** Opening EXTRACTED MATERIAL block **

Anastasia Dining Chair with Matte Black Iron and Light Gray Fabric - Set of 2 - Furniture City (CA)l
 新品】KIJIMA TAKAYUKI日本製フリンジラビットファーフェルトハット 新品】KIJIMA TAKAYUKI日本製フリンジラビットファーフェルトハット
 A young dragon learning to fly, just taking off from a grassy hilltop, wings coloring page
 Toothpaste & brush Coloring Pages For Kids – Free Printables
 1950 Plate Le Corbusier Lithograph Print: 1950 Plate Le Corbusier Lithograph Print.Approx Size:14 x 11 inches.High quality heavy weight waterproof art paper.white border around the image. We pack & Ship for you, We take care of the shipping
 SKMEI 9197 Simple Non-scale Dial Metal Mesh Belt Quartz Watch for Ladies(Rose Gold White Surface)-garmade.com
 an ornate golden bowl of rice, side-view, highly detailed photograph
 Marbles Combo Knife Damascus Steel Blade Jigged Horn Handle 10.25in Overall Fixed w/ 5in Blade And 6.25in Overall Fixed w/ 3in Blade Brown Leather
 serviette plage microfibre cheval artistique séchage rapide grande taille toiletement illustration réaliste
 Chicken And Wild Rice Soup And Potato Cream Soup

** Closing EXTRACTED MATERIAL block **

→ **EXERCISE DIRECTIONS**
Your reply is to repeat, unchanged, the lines above running from the one with "Toothpaste & brush" up to and including the one with "1950 Plate Le Corbusier Lithograph Print: 1950".

→ **RESULT**
 Toothpaste & brush Coloring Pages For Kids – Free Printables
 1950 Plate Le Corbusier Lithograph Print: 1950 Plate Le Corbusier Lithograph Print.Approx Size:14 x 11 inches.High quality heavy weight waterproof art paper.white border around the image. We pack & Ship for you, We take care of the shipping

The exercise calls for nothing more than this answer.